Have you noticed that the result of the forth line just equals to 1/3 - 4 EulerGamma + Log[16] ?

How I find this?Using the following code.

Integrate[x^3*BesselK[2, x] BesselK[2, x], {x, m, Infinity}]/ Log[m] /. m -> 10^-16 // N

the answer is (-4.02163).(Of cousre,if you change 10^-16 to 10^-64,you'll get -4.00541).

It shows that the integral and Log[m] are infinites of the same order when m=0.

I'm a rookie on this.I'm wondering that "GenerateConditions -> False" can eliminate the divergent terms automatically.I do not know.

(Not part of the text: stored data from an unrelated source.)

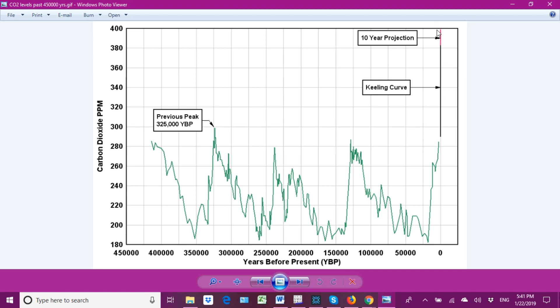The graph goes up to 400 ppm, but we are currently at 417-423 depending on the reference source, and you can see it is really taking off — almost asymptotic. From 280 to 420 ppm in about 170 years is a significant increase. We simply don't see that rate of increase anywhere in the records — not that fast, not that high a rate of increase.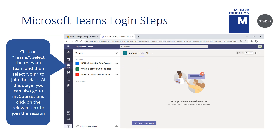Click on Teams. Select the relevant team that you belong to and join them. At this stage, you can also go to My Courses and click on the relevant link to join the session.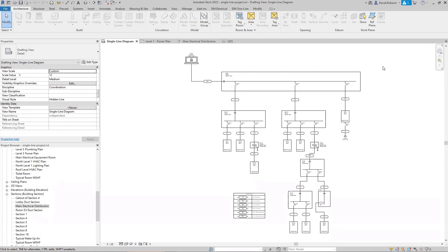Good afternoon and welcome to Design Master Training. My name is David Robison. Today we are going to be looking at wire lengths in Revit. If you're attending the training live, you can ask questions in the chat box. If you're watching the recording, you can call or email your questions. My phone number is 866-516-9497 and our email address is support@designmaster.biz.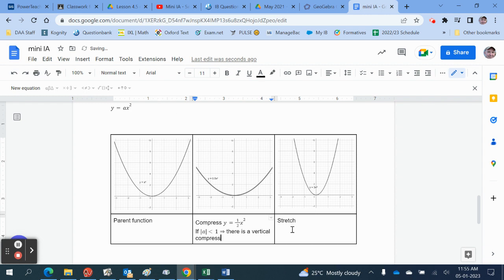We must also explain what the stretch does in the same kind of way. So for each transformation, compare it to the parent function. Parent function is always y equals x squared. Choose the scale to show all three. Show an example. Name the example. Name the transformation. And explain the theory statement like this one.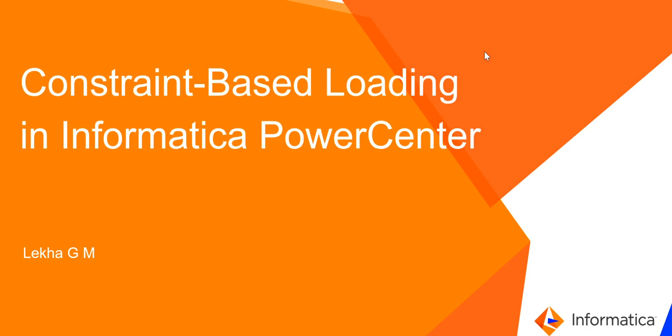Hello, this is Lika from Informatica JCS team. In this video, we shall see Constraint-Based Loading in Informatica Power Center.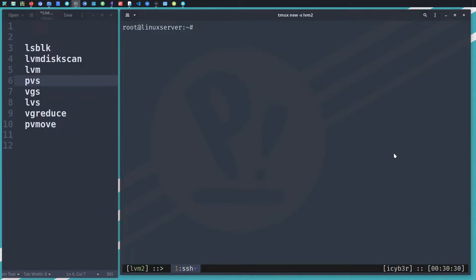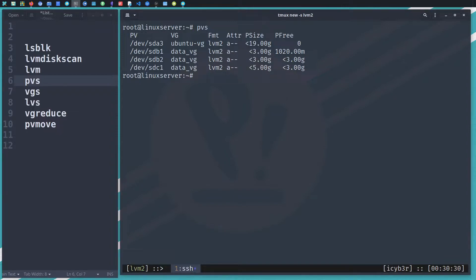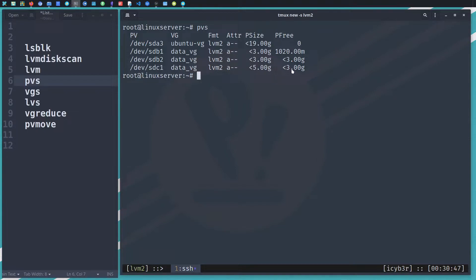I have the terminal connecting via SSH to the server. I'll start with the pvs command to list the physical volumes. As you can see, I have sdb1, sdb2, and sdc1 — all belonging to the data_vg volume group. sdb1 has three gigabytes with three minus one, meaning two gigabytes are consumed. sdb2 has three gigabytes and three gigabytes free, so nothing is consumed from it. sdc1 has five gigabytes with two gigabytes used, meaning two gigabytes are occupied by a logical volume.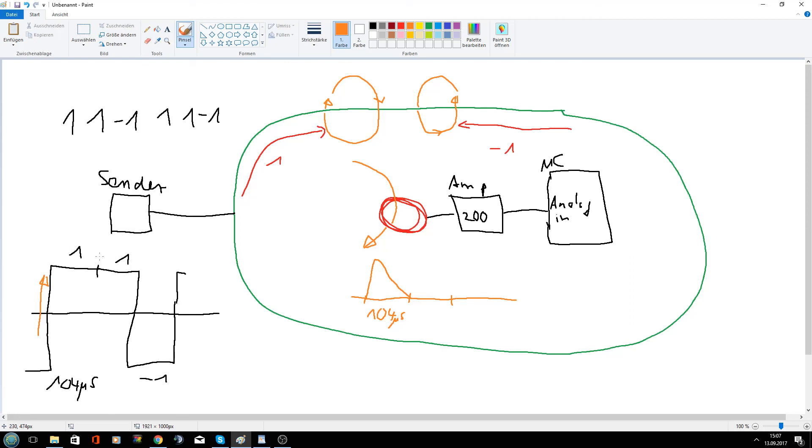therefore we don't induce current in the coil and therefore we don't see any signal here.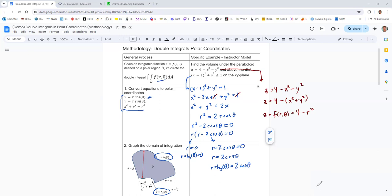That's enough information to set up the double integral. We'll also graph the domain of integration to get an idea of what's happening with this three-dimensional region whose volume we're trying to find. Let's look at a couple of graphs — starting with the 3D view and then a 2D graph of the domain of integration.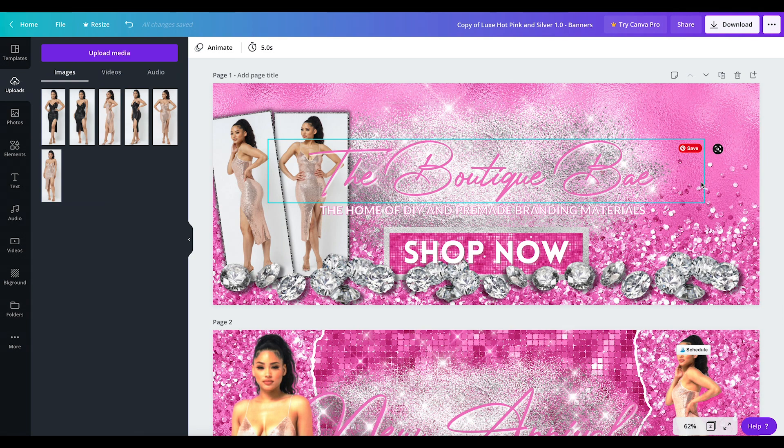Hopefully this video has been helpful. If you have any questions, feel free to leave them below. If you're interested in buying the templates for this web banner set, the link will be below. Alright, bye!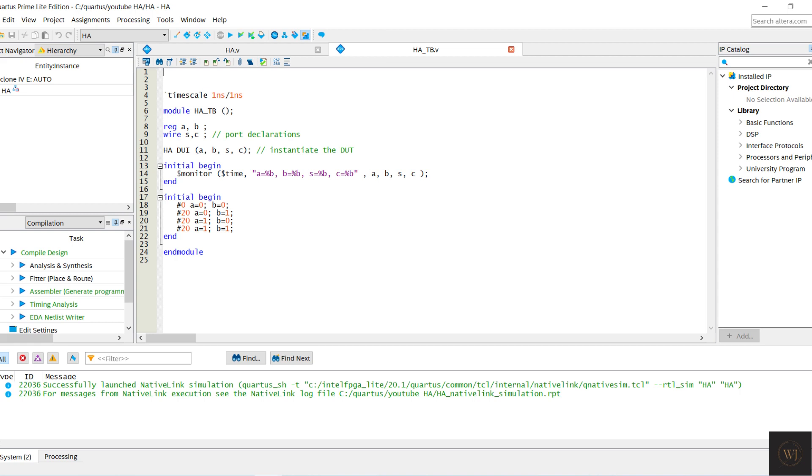Initiate the DUT of the half adder. Monitor the A, B, S, and C and display the result in binary number. To test the Verilog code, we change the number of A and B in every 20 ns.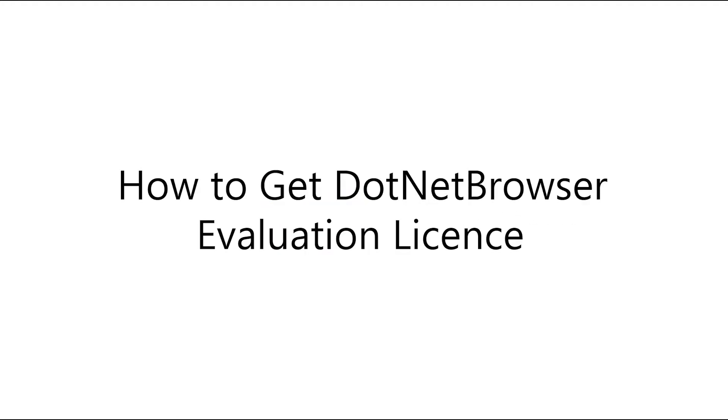Hi! Today I'm going to tell you how to get the .NET Browser evaluation license.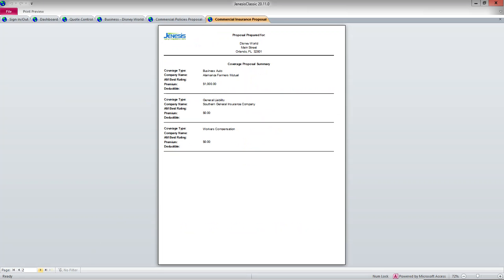Then after the cover page is a summary page. So this is the business auto, the GL, and the workers' compensation. Again, not a lot of information because I didn't put all that much in this example.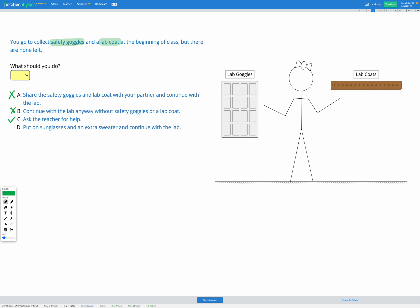The last option is to put on sunglasses and an extra sweater and continue with the lab. This may seem like a good alternative to safety goggles and a lab coat, but actually safety goggles and a lab coat are designed intentionally for chemistry labs. They're made of specific materials designed to resist impact or to resist burning. So putting on any old sunglasses or glasses and any old sweater isn't going to be as useful as if we had safety goggles and a lab coat specifically designed for chemistry. So that's not going to work. So our best option is going to be C in this situation.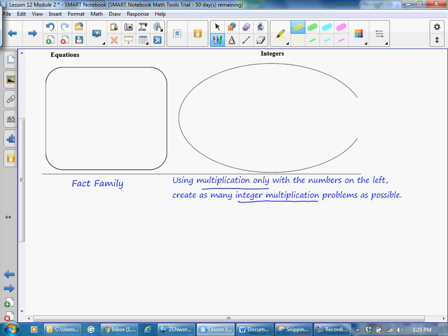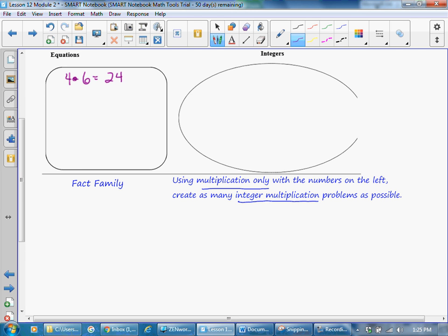We're going to take a look at a fact family, and then using multiplication only with the numbers on the left, create as many integer multiplication problems as possible. The fact family that we're going to use is 4 times 6 equals 24. You can have 4 groups of 6 to equal 24, 6 groups of 4 to equal 24, take 24 items and put them in groups of 4 and they will be 6 per group, or put them in groups of 6 and have 4 items per group. That is our fact family.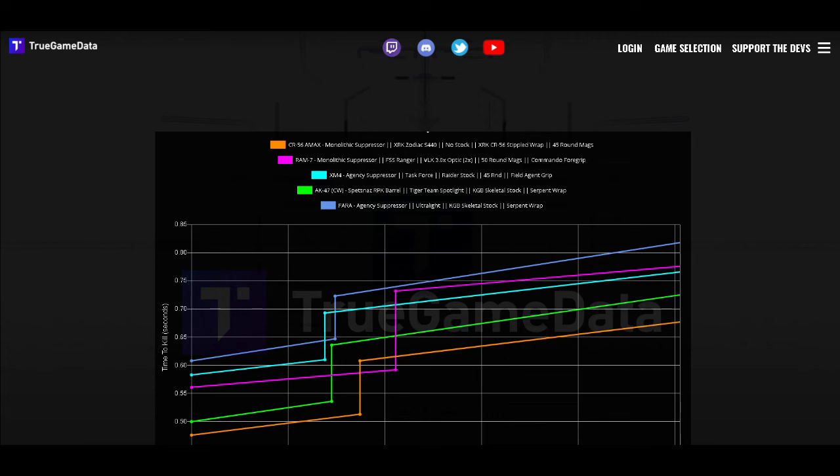So now we're going to take a look at the time to kill charts for these weapons and I'll explain to you why I have them ranked the way I do. As you can see in orange that's the AMAX and despite the nerf it still kills faster than any of these other weapons up close and at range which is why I have it ranked as my number one option.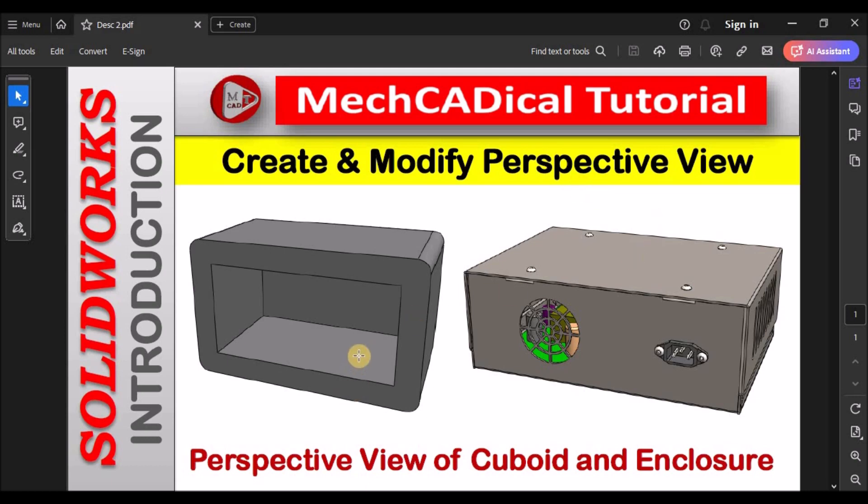On the left side you can see the perspective view of the cuboid, right side the perspective view of the enclosure. So I am going to show you both examples.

For further check.I have do the integral of x,x^2,x^-1,Log[x],and so on,which are obviously divergent. But "GenerateConditions -> False" makes them equal to zero.

Integrate[x, {x, 0, Infinity},GenerateConditions -> False]

Thanks again.

There is a pole at x=0 (the integrand is infinity at 0)

    Limit[x^3*BesselK[2, x] BesselK[2, x], x -> 0]
    (*infinity*)

You can also see this by writing

Clear[a]
Integrate[x^3*BesselK[2, x] BesselK[2, x], {x, a, Infinity}]

Notice the Re[a]>0 in the above.

Now, why GenerateConditions -> False made it work? I do not know. I think this is a bug. But I am no expert on this. I do not think the value generated is even correct. Compare

Integrate[x^3*BesselK[2, x] BesselK[2, x], {x, 0, Infinity}, GenerateConditions -> False] // N
(*.797059*)

to

    Integrate[x^3*BesselK[2, x] BesselK[2, x], {x, 10^(-64), Infinity}] // N
    (*590.259*)

Compare also what happens when using PrincipalValue -> True which tells it to ignore the simple pole at x=0

       Integrate[x^3*BesselK[2, x] BesselK[2, x], {x, 0, Infinity}, PrincipalValue -> True]

it returns unevaluated. So I have no idea where this result

        Integrate[x^3*BesselK[2, x] BesselK[2, x], {x, 0, Infinity}, GenerateConditions -> False]
        (*1/3 - 4 EulerGamma + Log[16]*)

came from.